I still talk a lot about blockchain, distributed ledgers, cryptocurrencies and more, but often feel it’s falling on deaf ears. The price of bitcoin flies around in the $7,000 a coin bracket, having risen from a tenth of that amount a year ago; and many people talk about blockchain and distributed ledger interchangeably, as did I until those with more knowledge than I corrected me.
It’s a complex space that I really don’t think many understand. A great example is bitcoin. Who is actually using it versus who is speculating in it? When your parents, siblings and even your dog wants to own one, you know something is wrong.
In particular, do the people in banks talking about blockchain know that you can have a distributed ledger without a blockchain, but you cannot have a blockchain without a distributed ledger? Do they understand the difference between Proof of Concept (PoC), Proof of Work (PoW) and a pilot scheme? Have they considered that most of what is happening today is experimentation with no certainty about what will come out of the other end? And specifically, have they reflected upon the fact that four of five use cases for distributed ledger technologies (DLT) are structural changes, where the technology is the least significant part of that system?

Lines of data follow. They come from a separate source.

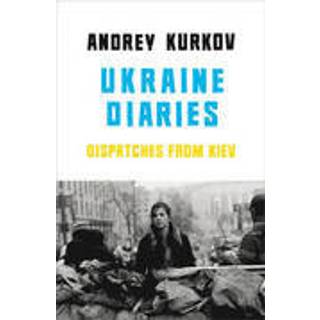 Ukraine Diaries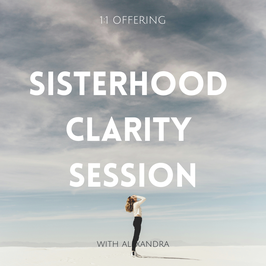 SISTERHOOD CLARITY SESSION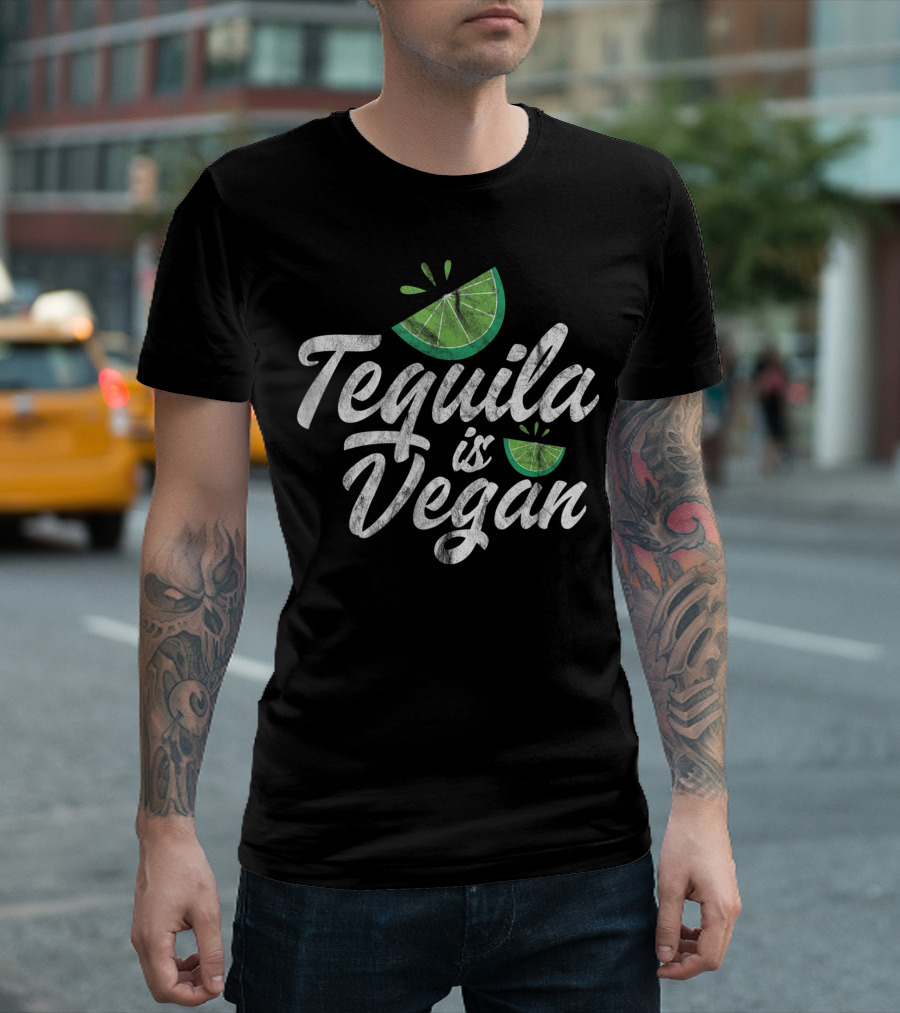 Tequila Is Vegan Vegetarian Alcohol Drinking with Lime Slice Decor T-Shirt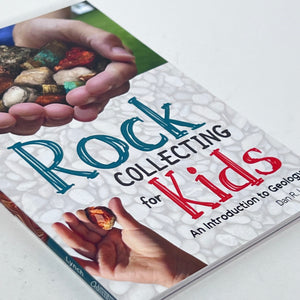 Rock Collecting for Kids - An Introduction to Geology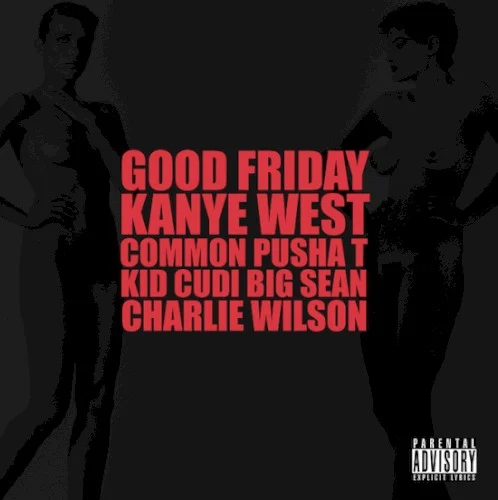 Good Friday single cover by Ye, released September 10, 2010 on Roc‐A‐Fella Records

This last point for me is probably the most important. Nearly every use case I’ve discussed in DLT – digital identity and clearing and settlement in particular – require massive industry changes before we can apply the technology. Many of those industry structural issues have not been addressed yet, and they have to be dealt with first.
Take digital identity. How can you have a digital identity working in DLT without the buy-in of the counterparties – government, banks and other institutions – to the scheme? Now I know that there are ways around this, but I really do not see the digital identity schemes working without agreement by those who need to verify identities agreeing that the scheme being developed is the right one. I know some people will disagree with me here – a self-sovereign scheme can operate without the deployment by a government or bank – but the point is that a government or bank are the ones who want to verify identities and without their buy-in, there is no scheme. Nevertheless, there are some leading innovators out there doing something about it.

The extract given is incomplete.